Benchè logiche legate a interessi commerciali hanno cambiato radicalmente i dettagli di questo vecchio gioco di squadra nato verso la fine dell’ottocento in Inghilterra, malgrado siano scomparsi dei punti certi del credo calcistico, come “la partita giocata di Domenica dopo pranzo” o “la durata di novanta minuti”, il calcio mantiene intatto il suo fascino.
Si “opinionizza” per ore e ore su una palla che adesso per un periodo imprecisato a parere di un direttore di gara, rotola su un piano delle dimensioni di 110 m per 70 m, nella speranza che finisca in una delle due reti, contrapposte e difese da due squadre di undici elementi ciascuno.
Il calcio è cambiato, ma non il suo fascino è vero, sono caduti certi dogmi.
Ad esempio chi ricorda i bei periodi nei quali, a un certo punto dell’incontro calcistico, nei gradoni della “curva sud” un omaccione, dotato di un vocione baritonale, richiamava l’attenzione del collaboratore del direttore di gara che agiva sotto la tribuna gridando: “segnalino, diccillu all’arbitro che è curnutu!”. Questa invocazione era seguita da un’ovazione e un coro unanime che esternava gridando “cornuto!” e tutto si fermava li, tra le risate collettive, quando ancora non esistevano gli “ultras” organizzati.
Anche questo gesto divertito e divertente, sarebbe oggi di difficile interpretazione poiché, quale dei “segnalinee” avrebbe dovuto riportare il messaggio al direttore di gara, perché oggi non si parla più di terna arbitrale, bensì di sei arbitri, in comunicazione tra di loro con radiomicrofoni e auricolari (cinque in campo e uno tra le panchine, chiamato ancora “quarto uomo”)?
Così di calcio per sentirci importanti, vorremmo parlarne tutti, dall’esperto conduttore di talk-show all’uomo comune che funge da pubblico e che a sua volta diviene opinionista, quando gli si chiedono i pronostici.

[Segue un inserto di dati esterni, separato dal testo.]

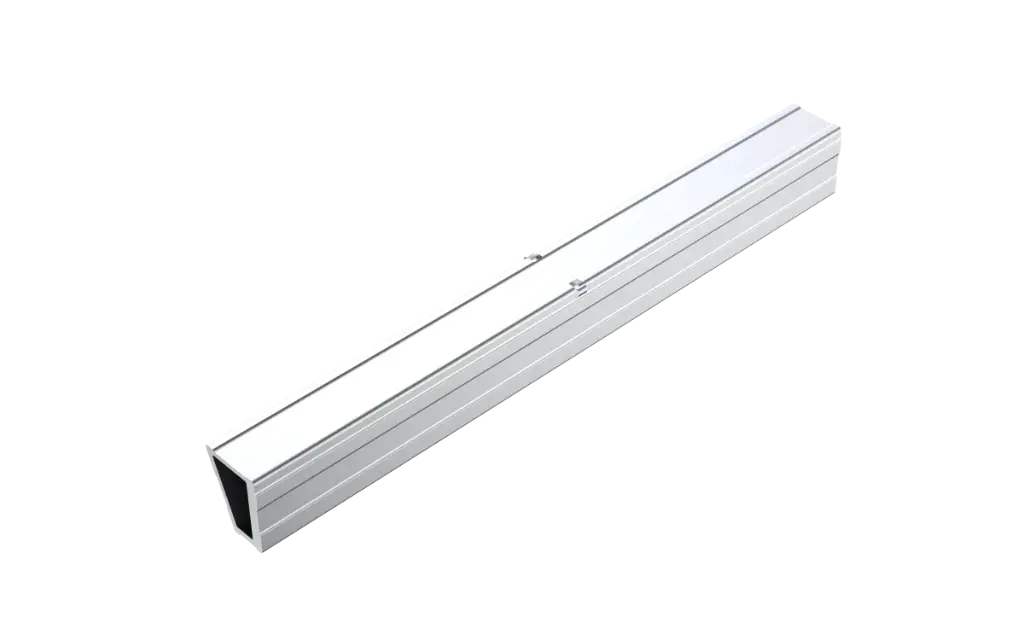 XPCN Schienenverbinder X40,X50 AERO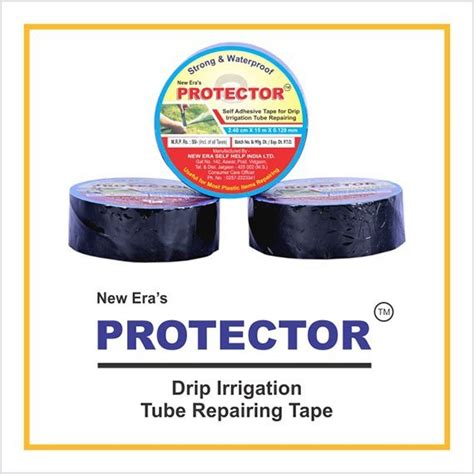 pp Drip Repair Tape at Rs 15/pes in Kurumbalur | ID: 23892563912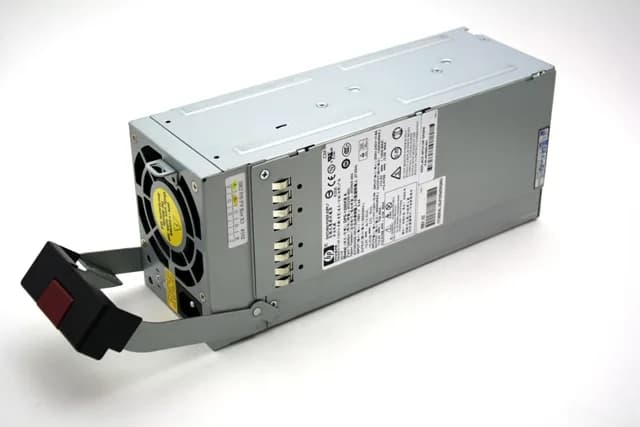 766879-001 - HP 550-Watts ATX Power Supply For ProLiant DL60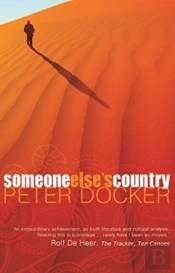 Someone Else'S Country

Quale migliore occasione per lui, visto da tutti i parenti da casa, ricevuto il microfono, evitando di non scadere con termini dialettali, per fornire una “perla di saggezza” da incorniciare, quale: “Ce la dovessimo fare, anzi, avessimo a vincere!” Esternazioni in un italiano meritevole di attenzioni da parte dell’Accademia della Crusca e frutto di un’incipiente “congiuntivite” che per fortuna lascerà incolumi gli occhi.…Un abbraccio, Epruno.